Task instructions: In the data below, set down exactly the lines from the one containing "Golombek: Šahovska enciklopedija" up to and including the one containing "Rok 2024, 175/80". Leave the pictures out.
Segment Start: Provided records
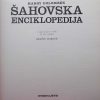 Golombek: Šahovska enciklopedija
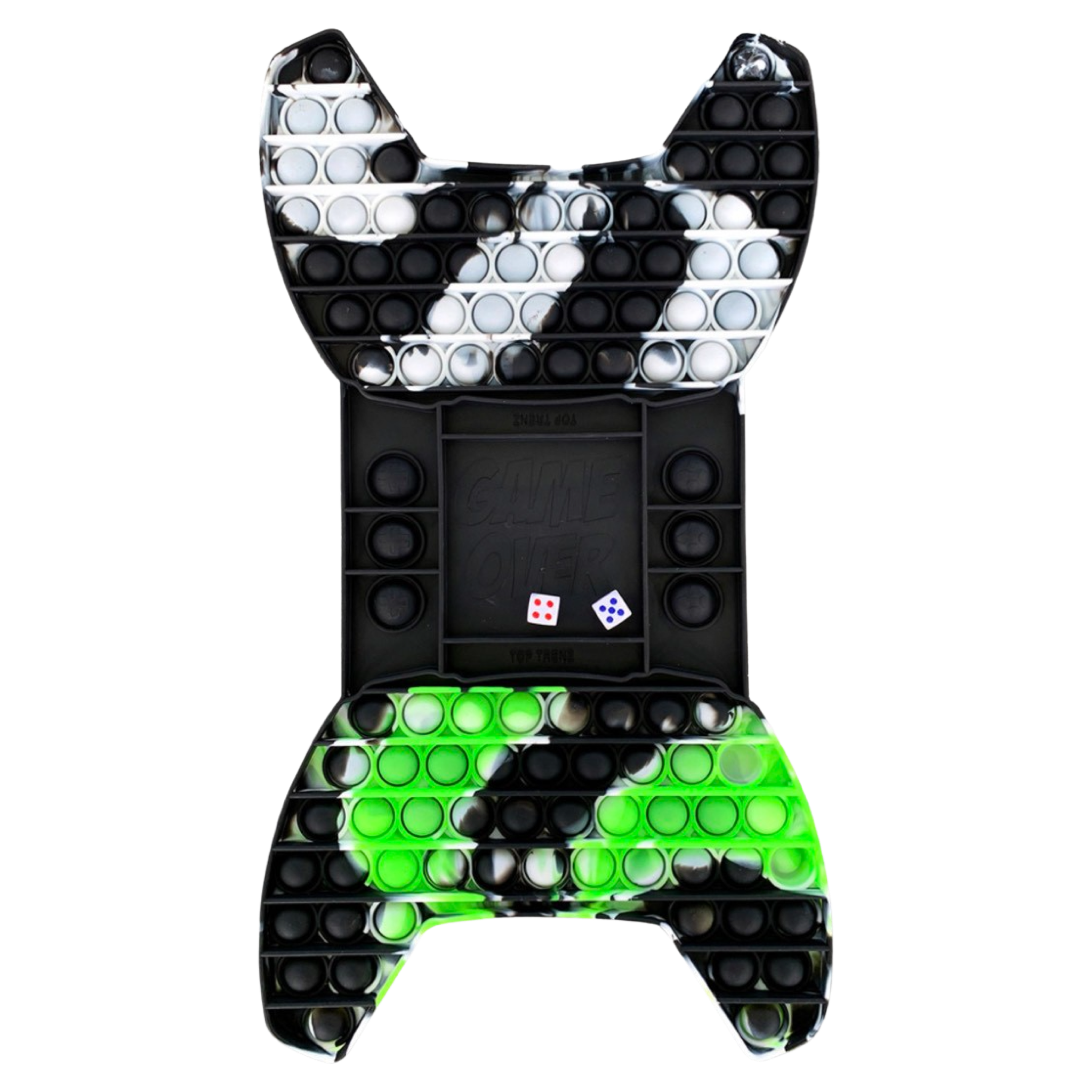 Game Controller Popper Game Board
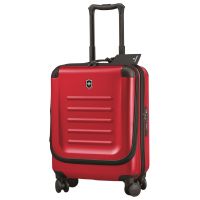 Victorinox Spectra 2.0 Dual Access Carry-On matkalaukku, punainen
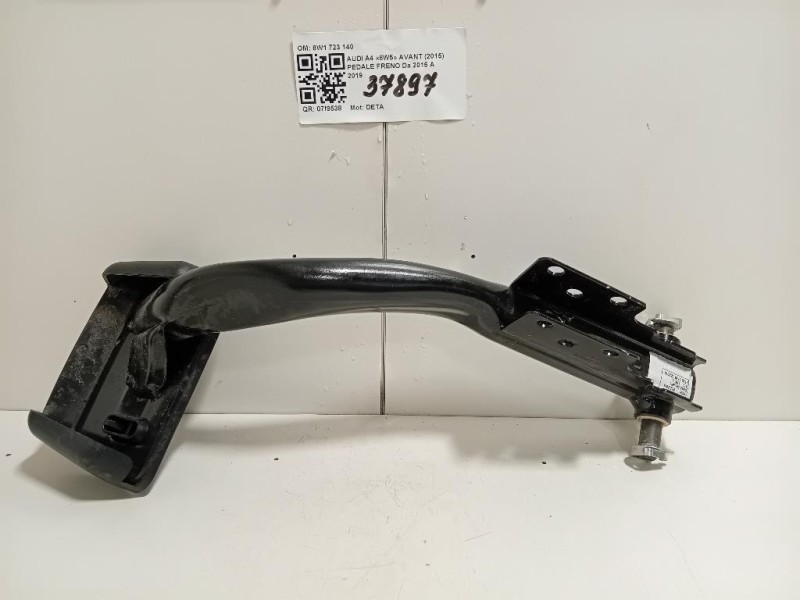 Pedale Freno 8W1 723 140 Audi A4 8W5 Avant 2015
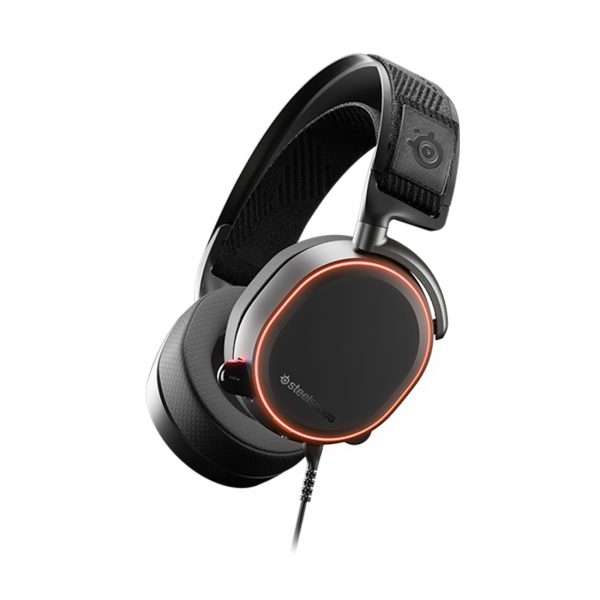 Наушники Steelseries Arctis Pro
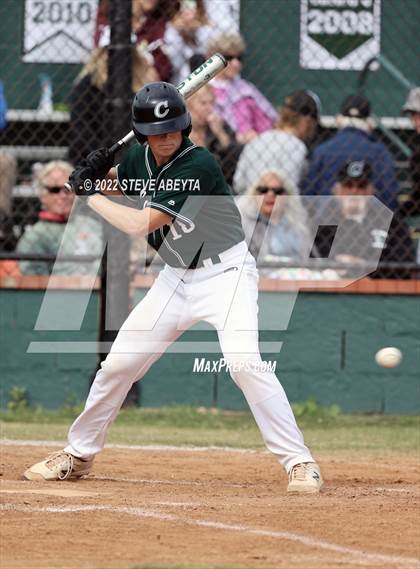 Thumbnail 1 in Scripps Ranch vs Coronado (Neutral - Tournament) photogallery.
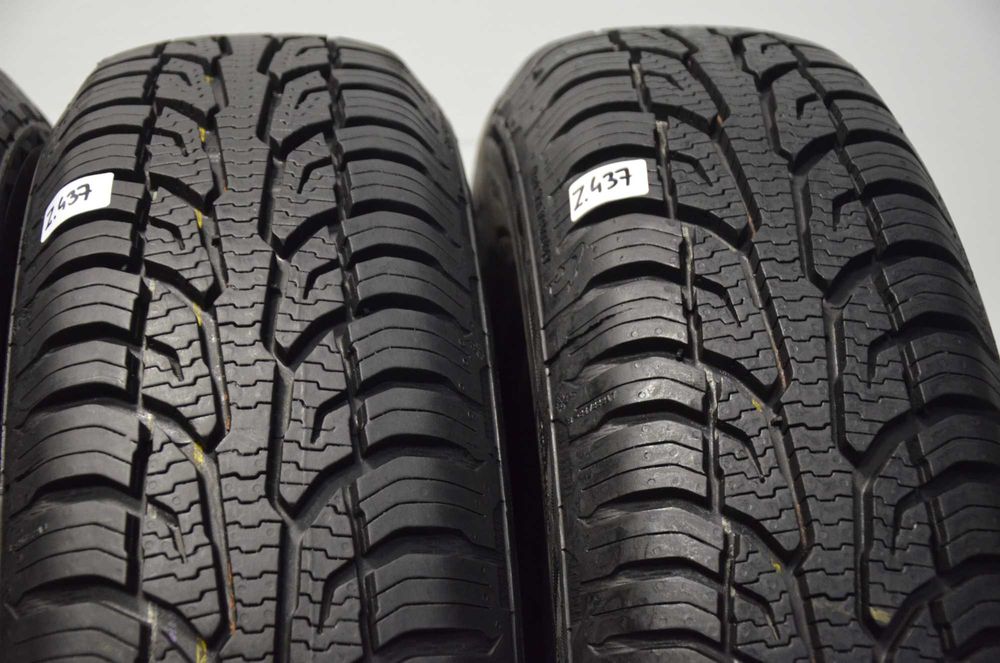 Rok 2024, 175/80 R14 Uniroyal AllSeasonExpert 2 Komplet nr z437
Segment End: Provided records
Segment Start: Provided records
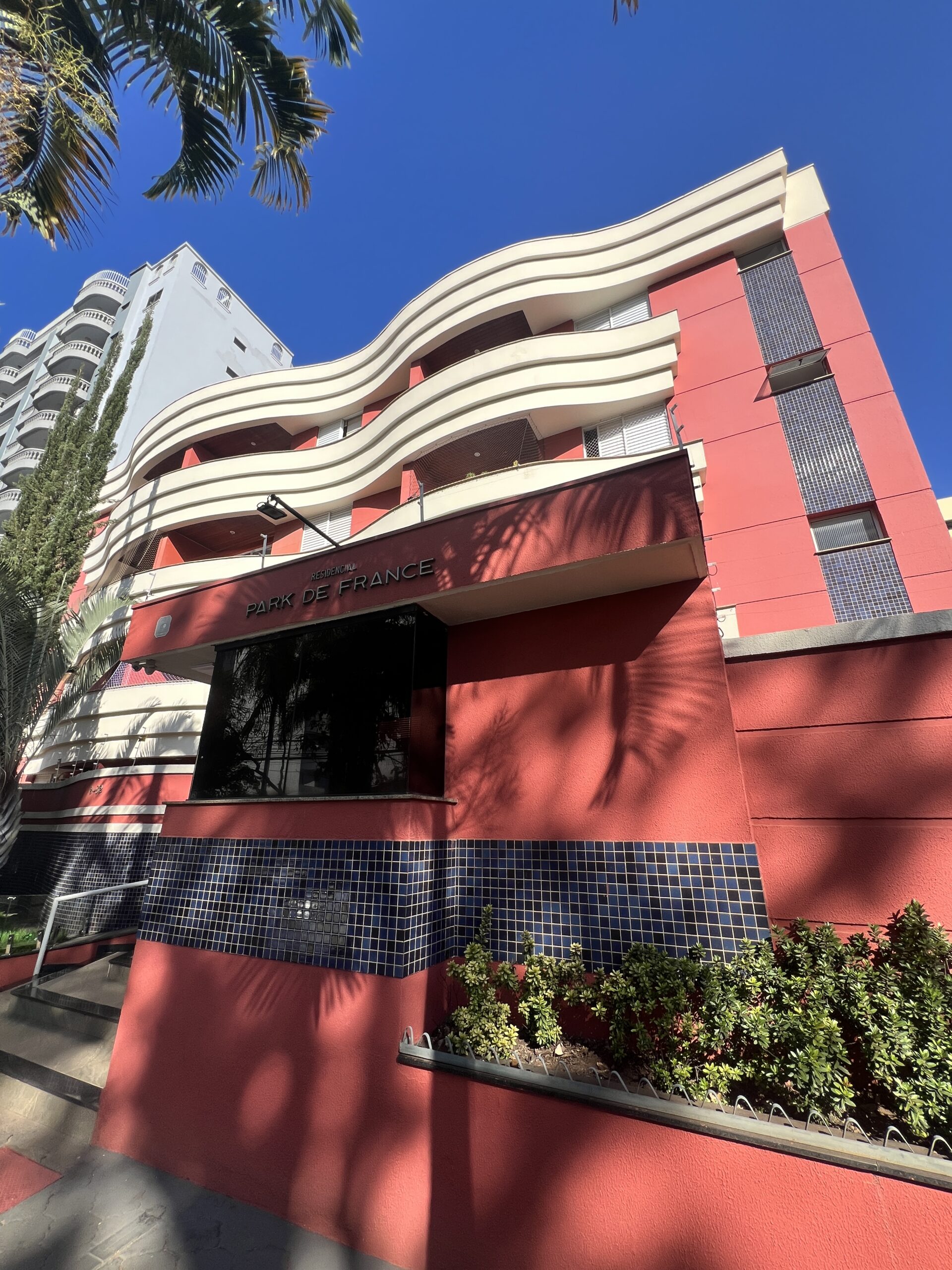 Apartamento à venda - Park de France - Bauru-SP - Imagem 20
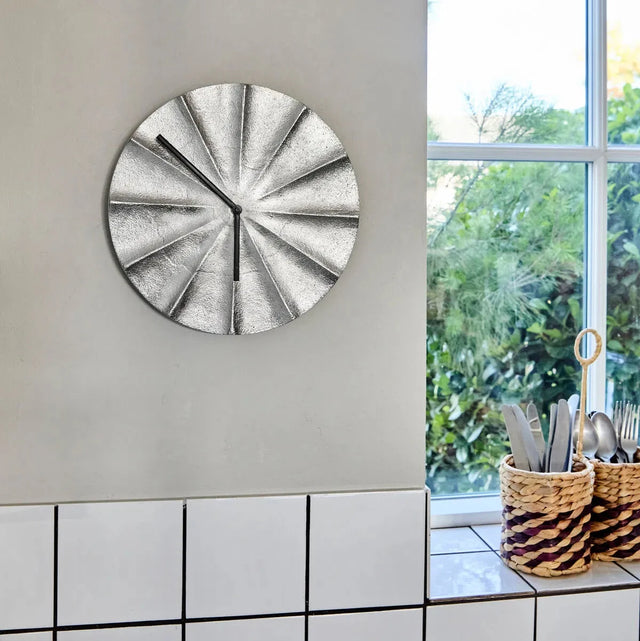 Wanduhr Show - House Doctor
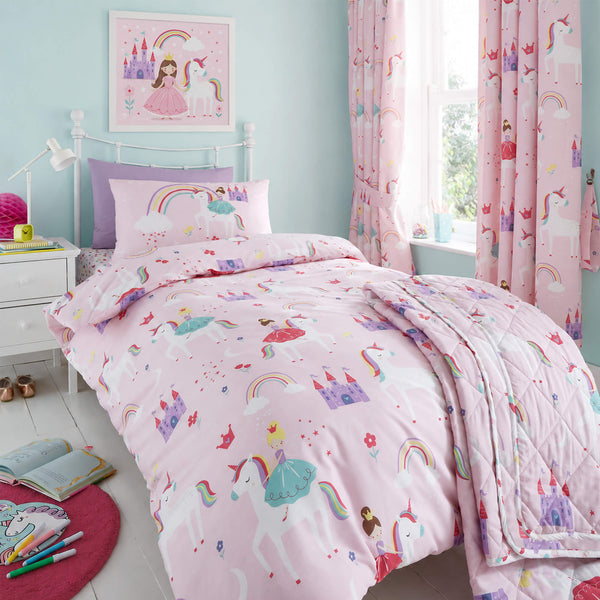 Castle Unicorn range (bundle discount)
Segment End: Provided records
Completed exercise:
 Golombek: Šahovska enciklopedija
 Game Controller Popper Game Board
 Victorinox Spectra 2.0 Dual Access Carry-On matkalaukku, punainen
 Pedale Freno 8W1 723 140 Audi A4 8W5 Avant 2015
 Наушники Steelseries Arctis Pro
 Thumbnail 1 in Scripps Ranch vs Coronado (Neutral - Tournament) photogallery.
 Rok 2024, 175/80 R14 Uniroyal AllSeasonExpert 2 Komplet nr z437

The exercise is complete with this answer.